Architecture¶

At a high level, Citus distributes the data across a cluster of commodity servers. Incoming SQL queries are then parallel processed across these servers.

In the sections below, we briefly explain the concepts relating to Citus’s architecture.

Master / Worker Nodes¶

You first choose one of the PostgreSQL instances in the cluster as the Citus master. You then add the DNS names of worker PostgreSQL instances (Citus workers) to a membership file on the master. From that point on, you interact with the master through standard PostgreSQL interfaces for data loading and querying. All the data is distributed across the workers. The master only stores metadata about the shards.

Logical Sharding¶

Citus utilizes a modular block architecture which is similar to Hadoop Distributed File System blocks but uses PostgreSQL tables on the workers instead of files. Each of these tables is a horizontal partition or a logical “shard”. The Citus master then maintains metadata tables which track all the workers and the locations of the shards on the workers.

Each shard is replicated on at least two of the workers (Users can configure this to a higher value). As a result, the loss of a single machine does not impact data availability. The Citus logical sharding architecture also allows new workers to be added at any time to increase the capacity and processing power of the cluster.

Metadata Tables¶

The Citus master maintains metadata tables to track all the workers and the locations of the database shards on them. These tables also maintain statistics like size and min/max values about the shards which help Citus’s distributed query planner to optimize the incoming queries. The metadata tables are small (typically a few MBs in size) and can be replicated and quickly restored if the master ever experiences a failure.

You can view the metadata by running the following queries on the Citus master.

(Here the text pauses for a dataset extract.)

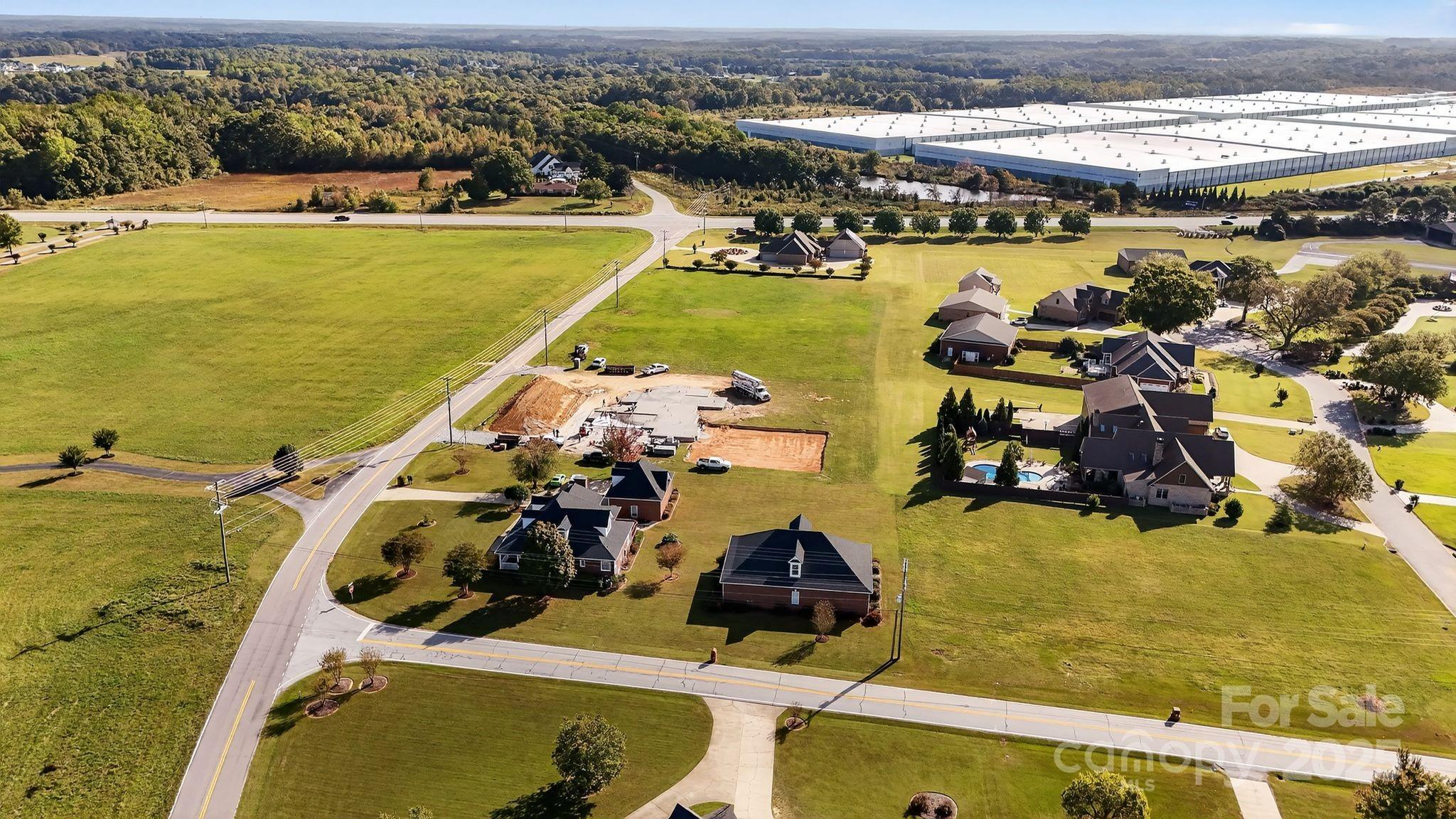 Chandelle - Residential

SELECT * from pg_dist_partition;
 logicalrelid | partmethod |                                                        partkey
--------------+------------+-------------------------------------------------------------------------------------------------------------------------
       488843 | r          | {VAR :varno 1 :varattno 4 :vartype 20 :vartypmod -1 :varcollid 0 :varlevelsup 0 :varnoold 1 :varoattno 4 :location 232}
(1 row)

SELECT * from pg_dist_shard;
 logicalrelid | shardid | shardstorage | shardalias | shardminvalue | shardmaxvalue
--------------+---------+--------------+------------+---------------+---------------
       488843 |  102065 | t            |            | 27            | 14995004
       488843 |  102066 | t            |            | 15001035      | 25269705
       488843 |  102067 | t            |            | 25273785      | 28570113
       488843 |  102068 | t            |            | 28570150      | 28678869
(4 rows)

SELECT * from pg_dist_shard_placement;
 shardid | shardstate | shardlength | nodename  | nodeport
---------+------------+-------------+-----------+----------
  102065 |          1 |     7307264 | localhost |   9701
  102065 |          1 |     7307264 | localhost |   9700
  102066 |          1 |     5890048 | localhost |   9700
  102066 |          1 |     5890048 | localhost |   9701
  102067 |          1 |     5242880 | localhost |   9701
  102067 |          1 |     5242880 | localhost |   9700
  102068 |          1 |     3923968 | localhost |   9700
  102068 |          1 |     3923968 | localhost |   9701
(8 rows)

To learn more about the metadata tables and their schema, please visit the Metadata Tables Reference section of our documentation.

Query Processing¶

When the user issues a query, the Citus master partitions it into smaller query fragments where each query fragment can be run independently on a worker shard. This allows Citus to distribute each query across the cluster, utilizing the processing power of all of the involved nodes and also of individual cores on each node. The master then assigns the query fragments to workers, oversees their execution, merges their results, and returns the final result to the user. To ensure that all queries are executed in a scalable manner, the master also applies optimizations that minimize the amount of data transferred across the network.

Failure Handling¶

Citus can easily tolerate worker failures because of its logical sharding-based architecture. If a worker fails mid-query, Citus completes the query by re-routing the failed portions of the query to other workers which have a copy of the shard. If a worker is permanently down, users can easily rebalance the shards onto other workers to maintain the same level of availability.